Generate and Evaluate Output

For each test case, call your product to get its output, then use galtea.evaluations.create_single_turn() to create the evaluations.

Example

This example demonstrates how to run an evaluation on all test cases from a specific test.
from galtea import Galtea
import os

# Initialize Galtea SDK
galtea = Galtea(api_key=os.getenv("GALTEA_API_KEY"))

# --- Configuration ---
# Replace with your actual IDs
YOUR_VERSION_ID = "your_version_id"
YOUR_TEST_ID = "your_test_id"
METRICS_TO_EVALUATE = [
    "Factual Accuracy",
    "Role Adherence",
]

# --- Your Product's Logic (Placeholder) ---
# In a real scenario, this would call your actual AI model or API
def your_product_function(input_prompt: str, context: str = None) -> str:
    # Your model's inference logic goes here
    # For this example, we'll return a simple placeholder response
    return f"Model response to: {input_prompt}"

# 1. Fetch the test cases for the specified test
test_cases = galtea.test_cases.list(test_id=YOUR_TEST_ID)
print(f"Found {len(test_cases)} test cases for Test ID: {YOUR_TEST_ID}")

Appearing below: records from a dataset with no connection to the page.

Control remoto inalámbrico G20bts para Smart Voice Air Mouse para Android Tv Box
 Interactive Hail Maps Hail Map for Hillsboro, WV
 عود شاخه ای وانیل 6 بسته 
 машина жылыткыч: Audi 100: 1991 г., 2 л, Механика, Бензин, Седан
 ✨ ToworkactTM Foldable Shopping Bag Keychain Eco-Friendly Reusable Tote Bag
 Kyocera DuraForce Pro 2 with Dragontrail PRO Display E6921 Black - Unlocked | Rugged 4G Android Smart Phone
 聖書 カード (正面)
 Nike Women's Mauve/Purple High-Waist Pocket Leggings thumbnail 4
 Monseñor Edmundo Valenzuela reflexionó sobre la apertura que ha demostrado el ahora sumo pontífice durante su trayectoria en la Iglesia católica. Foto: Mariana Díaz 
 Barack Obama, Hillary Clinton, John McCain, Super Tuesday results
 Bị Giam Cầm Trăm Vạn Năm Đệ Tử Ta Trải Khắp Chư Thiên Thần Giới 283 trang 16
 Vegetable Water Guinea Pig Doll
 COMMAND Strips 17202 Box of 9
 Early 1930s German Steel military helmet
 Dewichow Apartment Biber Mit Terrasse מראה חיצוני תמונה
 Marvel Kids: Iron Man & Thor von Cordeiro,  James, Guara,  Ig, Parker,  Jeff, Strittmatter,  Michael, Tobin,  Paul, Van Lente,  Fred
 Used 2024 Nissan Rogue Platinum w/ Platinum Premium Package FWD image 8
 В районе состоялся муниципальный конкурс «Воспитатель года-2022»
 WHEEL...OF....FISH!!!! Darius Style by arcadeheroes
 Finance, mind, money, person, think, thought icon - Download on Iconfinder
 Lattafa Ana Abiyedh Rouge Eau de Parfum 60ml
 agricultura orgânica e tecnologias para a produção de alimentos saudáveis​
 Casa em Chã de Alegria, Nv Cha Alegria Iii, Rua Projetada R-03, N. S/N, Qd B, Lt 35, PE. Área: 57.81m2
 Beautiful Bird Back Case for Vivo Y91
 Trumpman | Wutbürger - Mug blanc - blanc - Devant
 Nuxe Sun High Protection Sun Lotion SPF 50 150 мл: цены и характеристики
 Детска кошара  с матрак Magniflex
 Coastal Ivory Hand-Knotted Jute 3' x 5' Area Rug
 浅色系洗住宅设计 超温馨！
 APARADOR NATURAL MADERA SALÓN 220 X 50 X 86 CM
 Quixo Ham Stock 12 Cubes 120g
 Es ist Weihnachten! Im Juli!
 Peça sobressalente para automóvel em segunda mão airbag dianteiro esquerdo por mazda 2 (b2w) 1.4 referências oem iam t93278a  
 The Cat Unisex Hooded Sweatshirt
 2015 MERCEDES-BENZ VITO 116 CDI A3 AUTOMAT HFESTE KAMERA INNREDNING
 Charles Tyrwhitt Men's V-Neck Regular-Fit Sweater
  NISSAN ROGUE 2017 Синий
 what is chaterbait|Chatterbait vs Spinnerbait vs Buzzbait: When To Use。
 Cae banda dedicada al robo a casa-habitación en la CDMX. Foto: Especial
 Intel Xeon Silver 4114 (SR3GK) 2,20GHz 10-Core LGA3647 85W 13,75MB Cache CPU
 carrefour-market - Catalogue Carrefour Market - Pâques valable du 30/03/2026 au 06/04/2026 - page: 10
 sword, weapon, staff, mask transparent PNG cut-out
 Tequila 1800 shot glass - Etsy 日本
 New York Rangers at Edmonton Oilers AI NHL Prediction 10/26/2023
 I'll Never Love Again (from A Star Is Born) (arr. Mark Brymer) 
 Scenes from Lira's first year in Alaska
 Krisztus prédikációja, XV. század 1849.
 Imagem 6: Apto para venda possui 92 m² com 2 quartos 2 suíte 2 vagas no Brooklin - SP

# 2. Loop through each test case and run an evaluation
for test_case in test_cases:
    # Get your product's actual response to the input
    actual_output = your_product_function(test_case.input)
    
    # Create the evaluation
    # An evaluation is created implicitly on the first call
    galtea.evaluations.create_single_turn(
        version_id=YOUR_VERSION_ID,
        test_case_id=test_case.id,
        metrics=METRICS_TO_EVALUATE,
        actual_output=actual_output,
    )

print(f"\nAll evaluations submitted for Version ID: {YOUR_VERSION_ID}")

A session is automatically created behind the scenes to link this version_id and test_id with the provided inference result (the actual_output and the Test Case’s input).